Немного погодя Карен сказала:
— А теперь пошли спать, тебе надо вздремнуть часок-другой перед работой.
Якоб тотчас же заснул глубоким тяжелым сном, похожим скорее на обморок, но Карен еще долго лежала в темноте с открытыми глазами. Мартин слышал, как она ворочалась с боку на бок и вздыхала.
Время шло. Уже пора было крестить сыночка Гудрун, и, конечно, всем хотелось, чтобы мальчика крестил тот же священник, что венчал его родителей.
Карен с Мартином отправились к нему договариваться. Им открыл сам священник.
— Это вы? — приветливо спросил он. — Заходите, заходите. Вы по поводу крестин? Ну что ж, очень хорошо, а как будут звать мальчугана? Кнут? Доброе имя! А когда родился мальчик?.. Так, вот как… Когда же поженились родители маленького Кнута? Кажется, я и сам припоминаю это… А сколько весил мальчик при рождении?.. Девять фунтов? Это не так уж мало. Он, верно, был бы настоящим крепышом, если бы Гудрун догуляла свои девять месяцев, но ничего не поделаешь… Да, конечно, дети — это благословение божие, едва ли не единственное счастье, которое нам осталось. А то ведь как живется теперь молодежи… Плохо ей живется… Ведь Лаус в немецком плену — не так ли, дорогая Карен Карлсен? Сами понимаете, как я вам сочувствую! Черт бы побрал всех немцев! Может быть, мне не следовало бы это говорить, но уж я все равно скажу — черт бы их всех взял. А вы уж приносите мне своего внучонка, и я благословлю его и стану молиться за его отца. Будем надеяться, что это поможет. В иные часы я теряю мужество и думаю: не оставил ли нас совсем господь бог своею милостью? Как же иначе объяснить, что убийцы и бандиты хозяйничают у нас, как им вздумается? Сколько же тебе лет, паренек? Тебя, кажется, Мартином зовут, если я не запамятовал? Вот как, тебе уже тринадцать лет, скоро даже будет четырнадцать, вот как. Значит, конфирмация не за горами. Надеюсь, ты у меня будешь готовиться?.. Ну хорошо, мы с тобой отлично поладим. А теперь я провожу вас. Вот сюда, пожалуйста. До свиданья, Карен, дорогая. Будьте мужественны. Нам не на что больше рассчитывать.

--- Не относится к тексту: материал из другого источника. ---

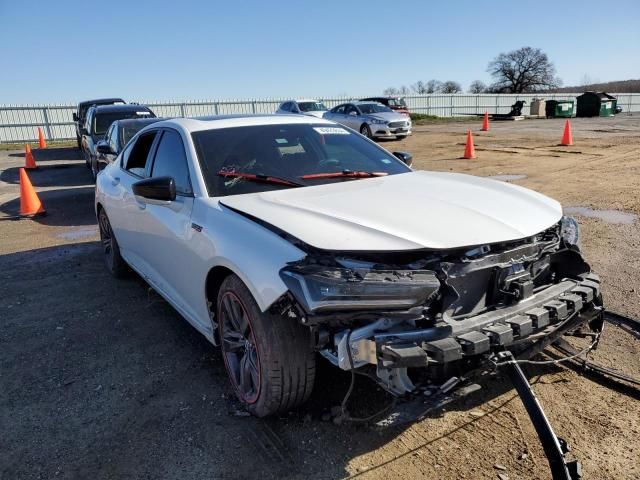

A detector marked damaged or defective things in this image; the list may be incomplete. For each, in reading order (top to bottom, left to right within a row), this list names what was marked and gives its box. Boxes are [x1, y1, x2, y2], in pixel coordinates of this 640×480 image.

wrecked white car [94, 115, 600, 416]
broken headlight [280, 264, 440, 314]
damaged front end [274, 219, 600, 396]
detached bumper [332, 274, 604, 378]
broken headlight [560, 217, 580, 248]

После крестин Карен угостила гостей только кофе — неподходящие были времена для настоящего празднества. Все улыбались маленькому Кнуту, трепали его по упругим щечкам, а он глядел на гостей большими синими глазами. Якоб долго держал его на руках и даже заставил карапуза несколько раз громко взвизгнуть от смеха. Гости дружно набросились на пирог, что испекла Карен, и в один миг уничтожили. Вагн раздобыл где-то бутылочку вина — хотел создать радостное настроение, но из этого все равно ничего не вышло.
Вигго пришел к сестре один, Анна осталась дома — у нее болела голова; впрочем, у нее всегда разыгрывалась головная боль, когда ее приглашала Карен.
Фойгт тоже был в числе гостей. Якоб пытался завязать общий разговор, но дядя Вигго молчал, точно набрав в рот воды, он хорошо знал, что за человек Фойгт. Теперь, когда ему довелось сидеть за столом с одним из тех самых коммунистов, которых он так сильно недолюбливал, его одолело смущение и он не знал, как себя держать. Выпив кофе, он вежливо попрощался; перед тем как уйти, он еще немного потолковал с Карен о том самом письме в министерство иностранных дел.